From the listing below, give again exactly the lines from the line with "グレー系のテーラードジャケッ" to the line with "Outdoor wedding reception", ends included, without any pictures.

··· Data in this exercise

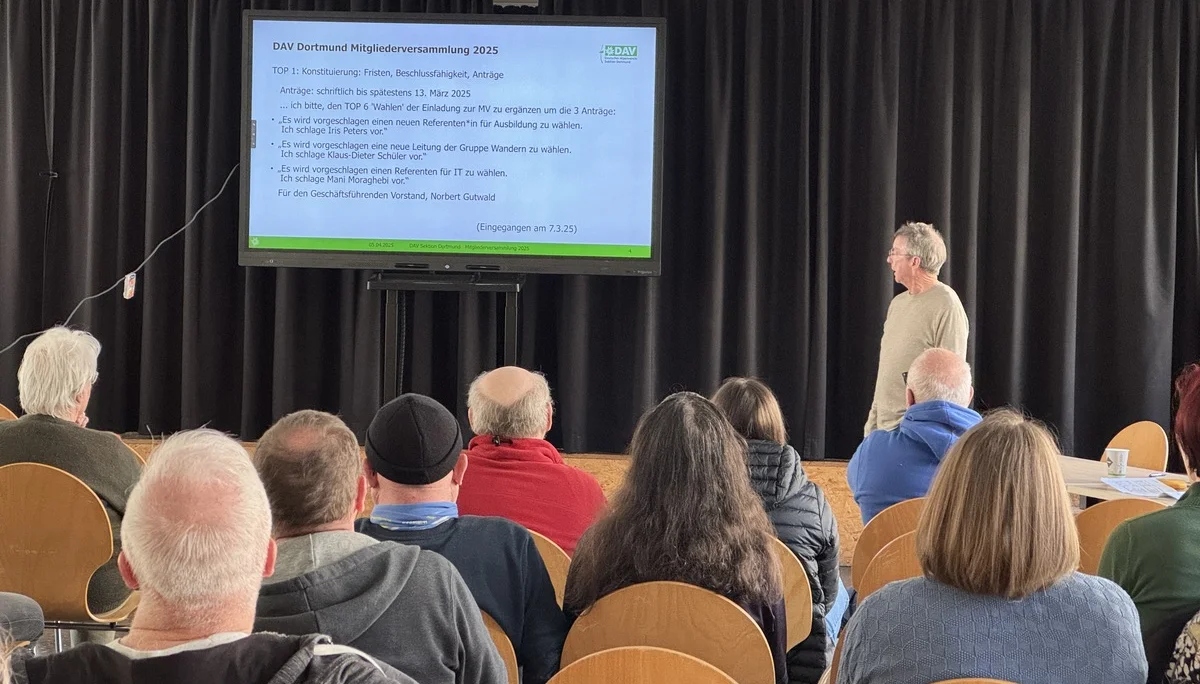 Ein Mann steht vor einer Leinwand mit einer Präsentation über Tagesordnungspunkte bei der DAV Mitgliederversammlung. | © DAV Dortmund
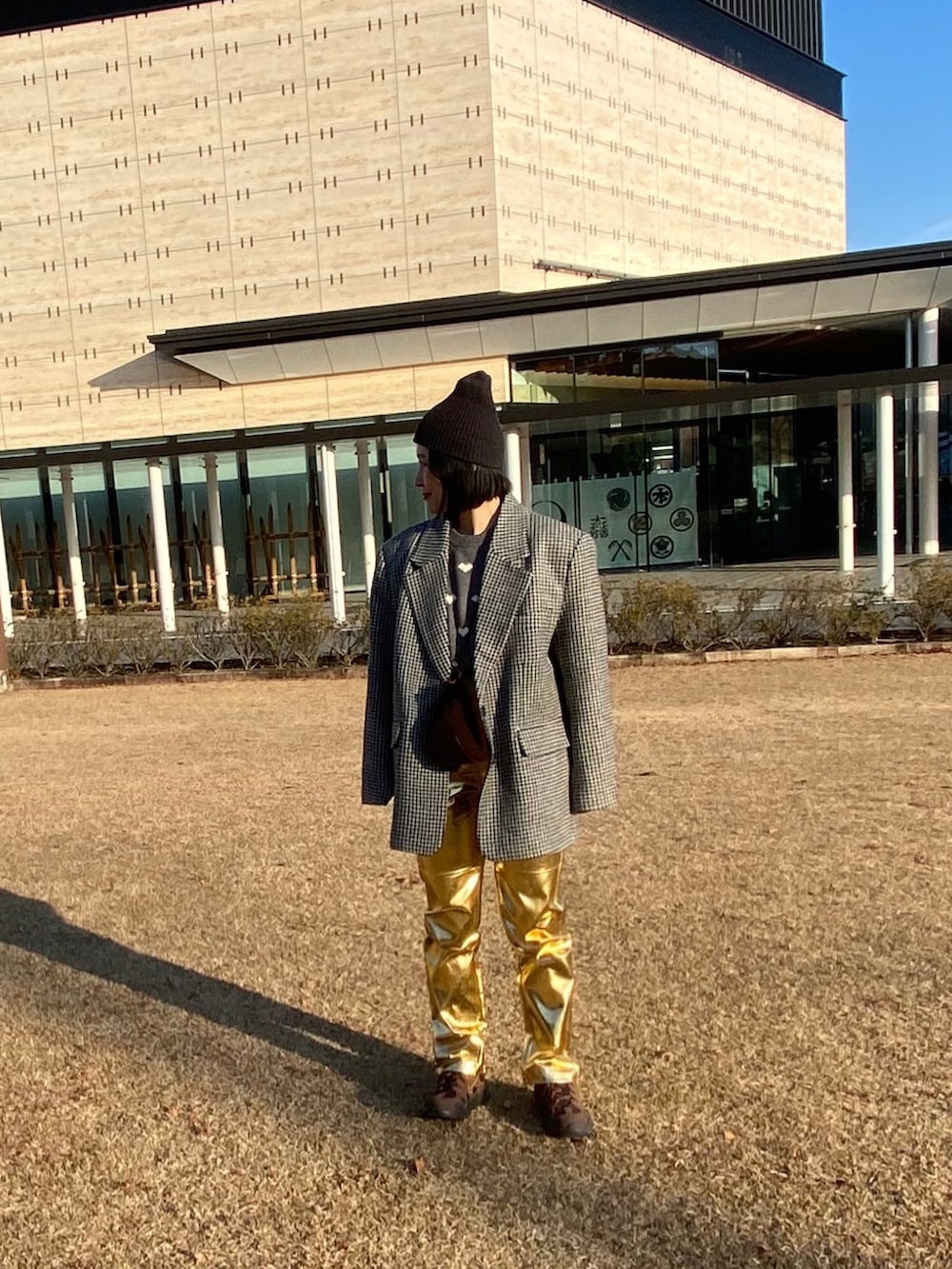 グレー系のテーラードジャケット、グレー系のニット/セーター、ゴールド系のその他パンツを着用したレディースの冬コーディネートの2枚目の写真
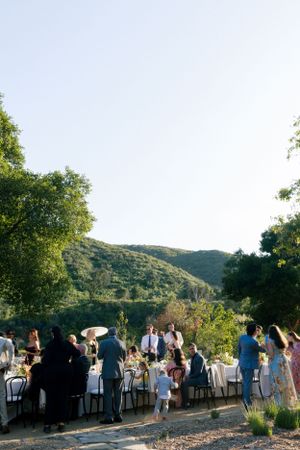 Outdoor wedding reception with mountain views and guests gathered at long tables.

······
··· Data in this exercise

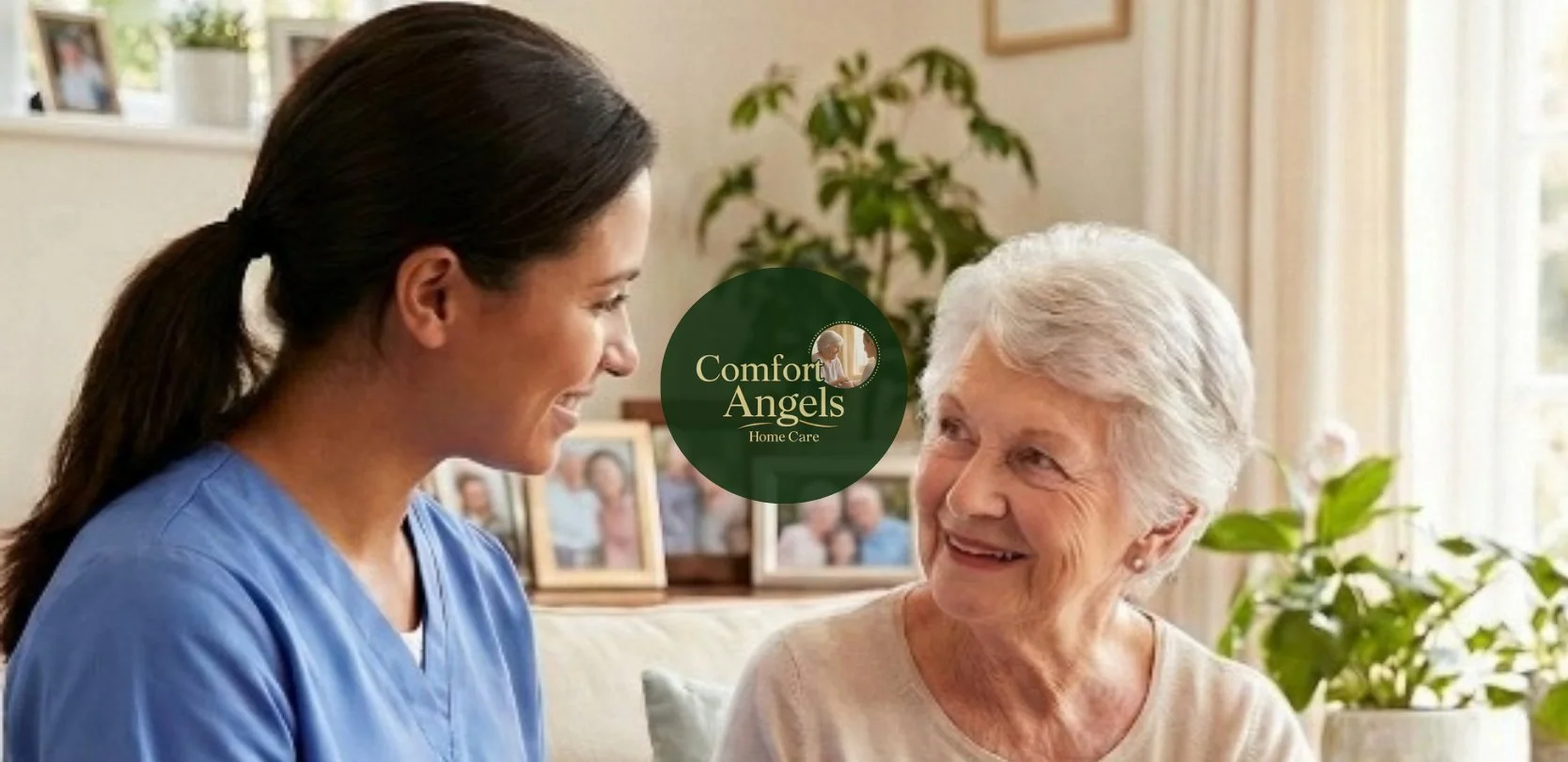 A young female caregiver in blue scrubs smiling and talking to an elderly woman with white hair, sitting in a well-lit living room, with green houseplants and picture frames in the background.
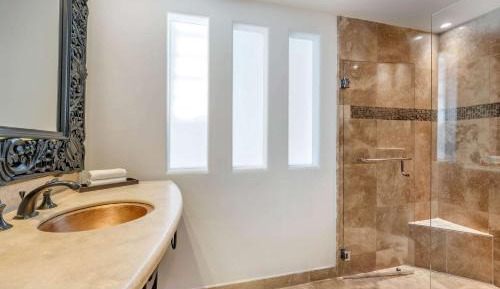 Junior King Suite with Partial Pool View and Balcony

······
··· Data in this exercise

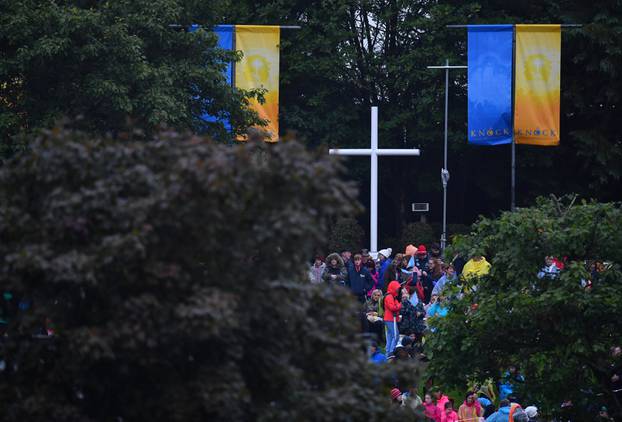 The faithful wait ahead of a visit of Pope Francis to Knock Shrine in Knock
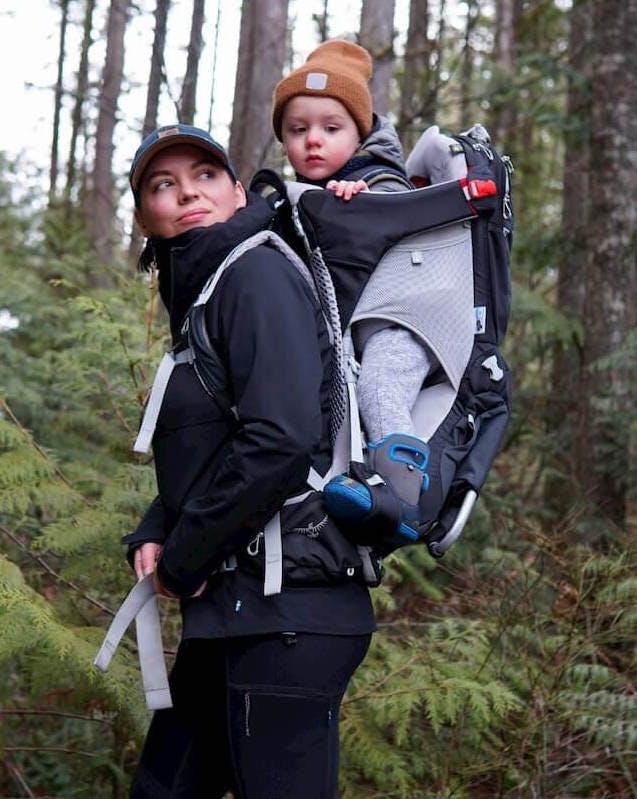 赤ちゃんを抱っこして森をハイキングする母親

······

■ Answer section:
 グレー系のテーラードジャケット、グレー系のニット/セーター、ゴールド系のその他パンツを着用したレディースの冬コーディネートの2枚目の写真
 Outdoor wedding reception with mountain views and guests gathered at long tables.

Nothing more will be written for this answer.